We also made major changes at our SI Swimsuit franchise this year, which directly impacted our quarter negatively by roughly $4 million. For more than 60-years Sports Illustrated Swim has defined beauty and created an indelible imprint as a standalone brand within the SI ecosystem.
Last year Swim leadership and I agreed that it was time to move swim forward towards a more sustainable future. One which didn’t solely center on beauty and one magazine launch per year, but created a 365-day experience in the community in the female lifestyle realm. This pivot included no longer delivering the magazine as part of the SI print subscription, only making it available at newsstands or purchasing purchased online.
launching the Pay With Change initiative, which mandated that sponsors and advertisers supported female empowerment and investing in the development of content for digital channels year round, as well as launching the Swimfluence Network, which serves as a community based incubator for future talent, brand deals and initiatives.
Swim will focus on advertising programs from companies with demonstrated programs to advance gender equality and drive progress for women empowerment. This was a conscious effort for the long-term.
While executing this shift our largest partner TRX went bankrupt, immediately reducing our revenue for the quarter by $2 million. This coupled with our strategic change has created a $4 million shortfall for the quarter of note last year Swim occurred in Q3.
There is good news however, the support for this initiative has added more than 25 new brands that showcased powerful female empowerment initiatives during both May’s launch and immediately into July’s dynamic three day experience at Miami Swim Week.
Four million more unique users year-over-year. More than 200 pieces of influencer and creator content which will run over the next several months and a record setting number of press impressions.
The launch of this year’s issued 14 million users during the three months post launch, compared to four million users during the three months post launch last year, an increase of over 10 million users year-over-year according to Google Analytics.
So while we saw significant pressure in Q2, we believe Swim will now contribute to our earnings year round. Already we are seeing increased audience sponsorship interest, commerce and brand extensions and new revenue potential.

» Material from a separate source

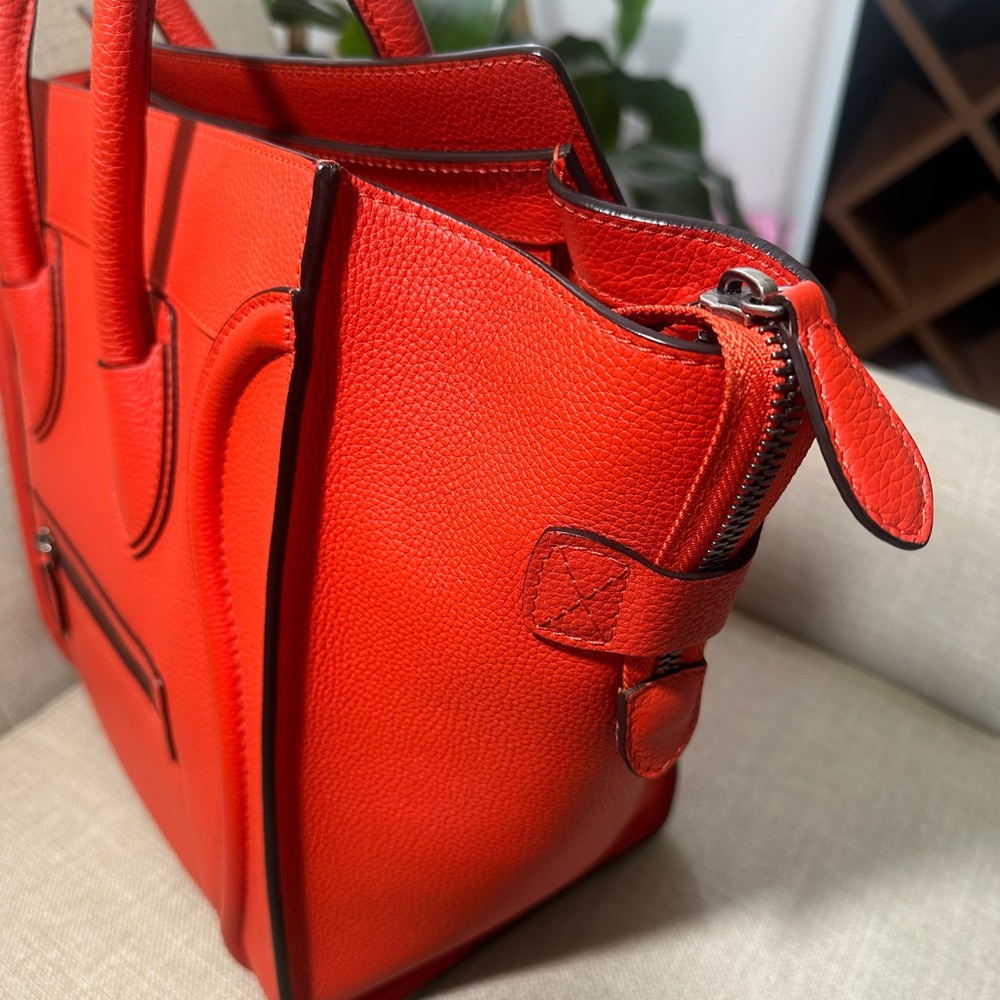 Celine luggage bag - Picture 4 of 8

The strategy we architected over the past two-years has transformed our business. Specifically, our business model centers around a powerful and efficient single technology infrastructure, and centralized services, essentially a SaaS model that can support hundreds of businesses without significant cost growth, once scale is reached.
We have reached that tipping point. Our playbook a dynamic production, distribution and analytical strategy has transformed each of our brands and is our blueprint for growth. Our content model is highly efficient, with an anchor brand for each vertical and a partner model that delivers substantial content, audience and revenue growth with no upfront costs.

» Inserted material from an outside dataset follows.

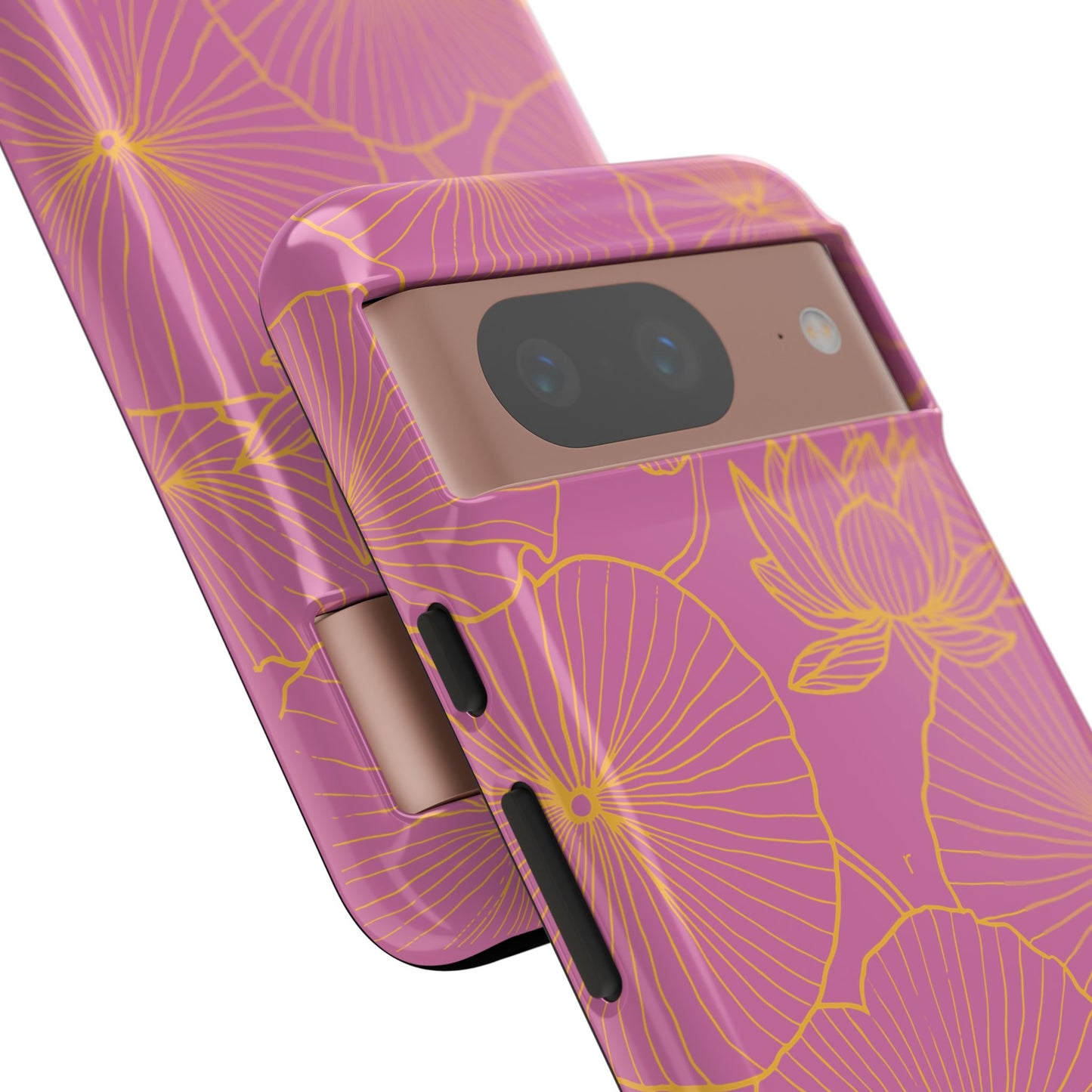 Pink Lotus Phone Case (iPhone & Android)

And our monetization engine utilizes technology, audience scale and premium brands to advertise in a seamless, simple way for them to reach more than 500 million average monthly users across all our properties and all our platforms.
Our audience, brands and content scale are enabling new business lines to launch and grow including licensing and syndication and commerce initiatives that are beginning to deliver powerful growth and results.
Our revenue streams are stable and diversified and as I stated, We have built a strong foundation and as a result, do not anticipate needing to add to our cost base to continue to grow. Over half of our incremental digital revenue continues to fall to the bottom line, driving profitability as our audience and traffic continue to expand and finally in June, the Arena Group was added to the Russell 2000 index.
I would like to talk more about our outlook for the remainder of the year. But first, I would like to let Doug Smith, our CFO, take you through the numbers. Doug.
Thank you, Ross. Let me turn to the results. In the second quarter, revenue was approximately 65.1 million, up 87% compared to 34.7 million for the second quarter of last year. Breaking down that revenue, total digital revenue of 35.1 million, represented 54% of the total revenue and grew 75% versus the second quarter of last year.
Digital advertising revenue of 24.7 million increased 114% versus the second quarter last year, driven by increased traffic across all of our business lines as well as a 41% expansion in our display CPMs.
84% of that digital advertising growth is organic, driven by significantly higher traffic across all of our properties and the growth in the CPMs was attributable both to an improvement in our core CPMs and a greater percentage of higher price digital direct ad impressions.
Digital subscription revenue was 5.5 million, down 29% as compared to 7.7 million dollars in the prior year quarter. Other revenue increased by 463% to 4.9 million during the second quarter of 2022, primarily related to the launch of the Sports Illustrated Swim Magazine, which this year occurred in the second quarter versus the launch last year in the third quarter. Additionally, licensing revenue in the rest of the Sports Illustrated Media business saw a significant growth in the quarter.
Print revenue increased 105% to 30 million from 14.7 million dollars in the prior year. The $15.3 million increase was primarily in Print advertising, which was up $11.7 million and was due to the addition of the Athlon Media Group, Parade properties.
Gross profit increased 94% to 18.3 million compared to gross profit of 9.4 million in the prior year quarter. Cost of revenue increased 85% versus the prior year quarter due to the acquisition of the Athlon Media Group Parade properties and costs related to the SI Swim magazine, which we indicated, occurred in Q2 this year versus Q3 of last year.
In addition, we are adding costs related to the full year effect of investments we made in audience development and analytics personnel in the second half of the year, these folks have been key to driving the traffic and digital advertising growth we have been talking about.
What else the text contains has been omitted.